● WHAT THE EXERCISE ASKS: Copy out once more, exactly, the line with "this 800×600 image." and all the lines after it, up to the last line of the data.

--*--

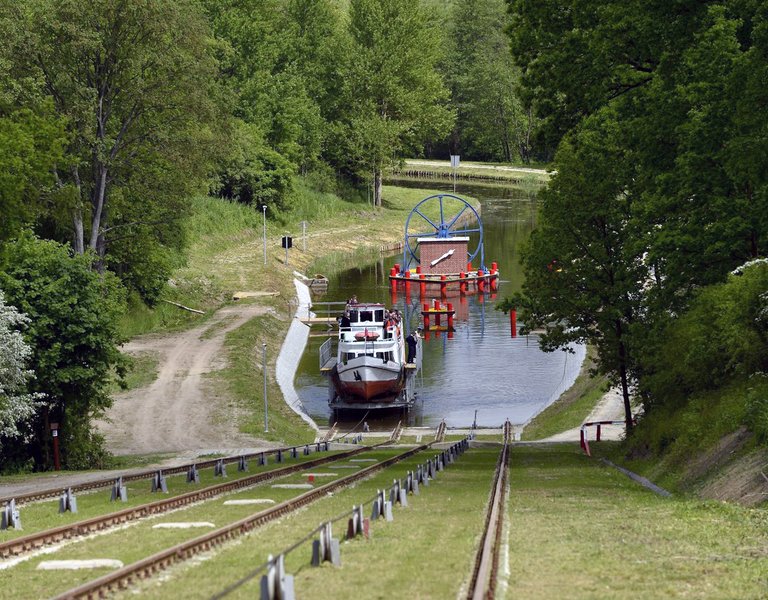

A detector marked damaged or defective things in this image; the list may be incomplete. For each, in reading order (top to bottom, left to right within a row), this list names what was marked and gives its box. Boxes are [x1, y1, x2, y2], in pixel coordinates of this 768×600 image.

rusty rail track [0, 440, 342, 506]
rusty rail track [0, 442, 384, 560]
rusty rail track [55, 440, 432, 600]
rusty rail track [464, 422, 512, 600]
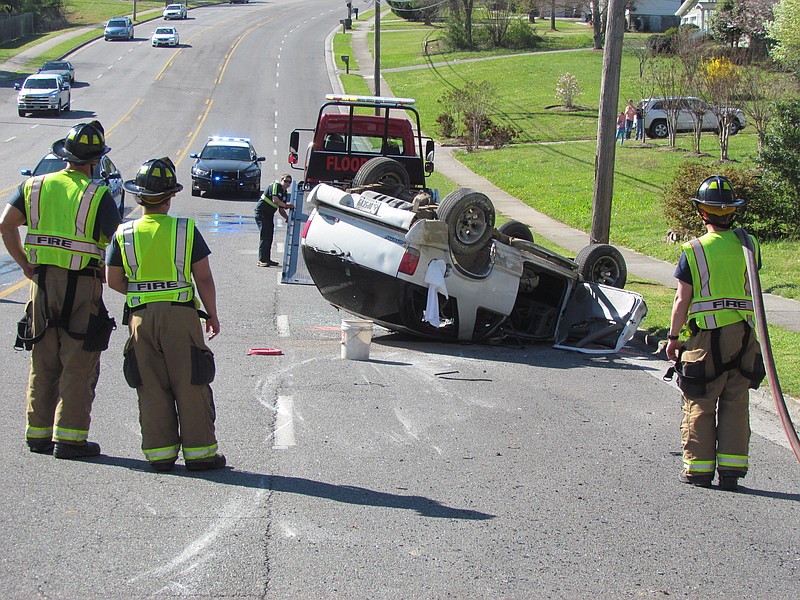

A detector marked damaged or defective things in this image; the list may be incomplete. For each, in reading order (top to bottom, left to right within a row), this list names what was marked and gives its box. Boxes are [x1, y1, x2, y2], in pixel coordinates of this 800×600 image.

overturned white suv [300, 162, 648, 354]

--*--

● WRITTEN SOLUTION:
A detector marked damaged or defective things in this image; the list may be incomplete. For each, in reading order (top to bottom, left to right within a row), this list names what was marked and gives its box. Boxes are [x1, y1, x2, y2], in pixel coordinates of this 800×600 image.

overturned white suv [300, 162, 648, 354]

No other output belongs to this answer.